- **YOUR INSTRUCTIONS**
From the records below, extract only the lines running from the line with "Gmunden Schloss Ort" to the line with "Volkswagen up! 1.0 75 CV 5p. high up!", both lines included, reproducing them exactly.

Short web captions
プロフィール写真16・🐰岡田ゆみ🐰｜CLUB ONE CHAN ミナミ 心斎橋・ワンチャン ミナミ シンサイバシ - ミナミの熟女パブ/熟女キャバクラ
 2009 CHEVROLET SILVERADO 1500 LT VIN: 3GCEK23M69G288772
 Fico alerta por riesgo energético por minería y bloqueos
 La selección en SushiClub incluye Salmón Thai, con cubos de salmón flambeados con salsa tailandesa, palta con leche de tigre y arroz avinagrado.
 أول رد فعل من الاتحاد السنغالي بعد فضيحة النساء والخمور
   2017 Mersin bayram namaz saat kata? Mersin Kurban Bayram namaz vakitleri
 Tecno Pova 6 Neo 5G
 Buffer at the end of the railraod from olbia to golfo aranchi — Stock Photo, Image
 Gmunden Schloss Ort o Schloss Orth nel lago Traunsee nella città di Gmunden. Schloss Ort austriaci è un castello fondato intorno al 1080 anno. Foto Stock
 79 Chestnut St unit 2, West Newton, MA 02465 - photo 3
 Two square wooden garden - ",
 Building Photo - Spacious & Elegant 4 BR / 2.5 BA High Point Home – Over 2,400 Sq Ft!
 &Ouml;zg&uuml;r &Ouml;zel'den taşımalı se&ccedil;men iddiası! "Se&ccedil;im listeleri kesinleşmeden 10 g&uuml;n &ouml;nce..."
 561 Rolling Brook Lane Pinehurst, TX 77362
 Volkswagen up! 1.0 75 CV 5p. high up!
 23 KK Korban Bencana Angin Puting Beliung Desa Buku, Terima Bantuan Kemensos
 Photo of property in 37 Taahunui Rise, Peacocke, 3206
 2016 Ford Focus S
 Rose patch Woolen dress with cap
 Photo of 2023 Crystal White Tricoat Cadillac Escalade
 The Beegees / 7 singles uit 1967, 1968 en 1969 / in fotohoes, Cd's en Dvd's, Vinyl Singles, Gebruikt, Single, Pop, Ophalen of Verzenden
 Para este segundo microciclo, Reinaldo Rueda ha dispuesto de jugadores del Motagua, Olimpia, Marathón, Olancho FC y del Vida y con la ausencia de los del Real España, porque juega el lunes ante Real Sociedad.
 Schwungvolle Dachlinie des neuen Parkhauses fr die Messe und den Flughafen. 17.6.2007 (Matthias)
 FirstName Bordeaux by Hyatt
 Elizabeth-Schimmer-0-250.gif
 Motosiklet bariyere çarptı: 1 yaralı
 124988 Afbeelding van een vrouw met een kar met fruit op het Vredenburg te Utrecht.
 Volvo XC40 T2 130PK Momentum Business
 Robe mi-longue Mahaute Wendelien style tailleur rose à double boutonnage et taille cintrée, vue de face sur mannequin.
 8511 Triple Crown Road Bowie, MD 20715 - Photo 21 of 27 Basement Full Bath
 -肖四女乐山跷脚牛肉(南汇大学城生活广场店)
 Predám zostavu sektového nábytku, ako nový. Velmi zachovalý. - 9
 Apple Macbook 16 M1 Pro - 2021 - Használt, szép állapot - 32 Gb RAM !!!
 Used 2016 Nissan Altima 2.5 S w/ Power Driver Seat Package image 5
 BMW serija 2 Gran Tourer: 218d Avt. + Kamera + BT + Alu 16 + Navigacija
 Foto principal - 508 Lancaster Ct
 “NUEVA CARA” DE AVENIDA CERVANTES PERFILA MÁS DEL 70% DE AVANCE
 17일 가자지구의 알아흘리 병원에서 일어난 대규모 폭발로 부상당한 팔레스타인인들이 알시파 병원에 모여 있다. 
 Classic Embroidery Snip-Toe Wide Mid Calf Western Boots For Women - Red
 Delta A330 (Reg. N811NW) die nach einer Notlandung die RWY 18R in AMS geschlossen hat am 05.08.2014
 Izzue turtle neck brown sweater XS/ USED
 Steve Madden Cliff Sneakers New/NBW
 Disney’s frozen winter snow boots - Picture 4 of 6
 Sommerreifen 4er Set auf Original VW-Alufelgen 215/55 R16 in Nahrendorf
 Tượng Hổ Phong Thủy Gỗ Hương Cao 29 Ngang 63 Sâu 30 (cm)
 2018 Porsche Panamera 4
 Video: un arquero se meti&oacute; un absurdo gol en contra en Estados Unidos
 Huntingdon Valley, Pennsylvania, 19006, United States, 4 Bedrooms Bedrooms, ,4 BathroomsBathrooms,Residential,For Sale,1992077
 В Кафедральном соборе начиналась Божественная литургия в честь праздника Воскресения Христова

- **SOLUTION FOR THIS EXERCISE**
 Gmunden Schloss Ort o Schloss Orth nel lago Traunsee nella città di Gmunden. Schloss Ort austriaci è un castello fondato intorno al 1080 anno. Foto Stock
 79 Chestnut St unit 2, West Newton, MA 02465 - photo 3
 Two square wooden garden - ",
 Building Photo - Spacious & Elegant 4 BR / 2.5 BA High Point Home – Over 2,400 Sq Ft!
 &Ouml;zg&uuml;r &Ouml;zel'den taşımalı se&ccedil;men iddiası! "Se&ccedil;im listeleri kesinleşmeden 10 g&uuml;n &ouml;nce..."
 561 Rolling Brook Lane Pinehurst, TX 77362
 Volkswagen up! 1.0 75 CV 5p. high up!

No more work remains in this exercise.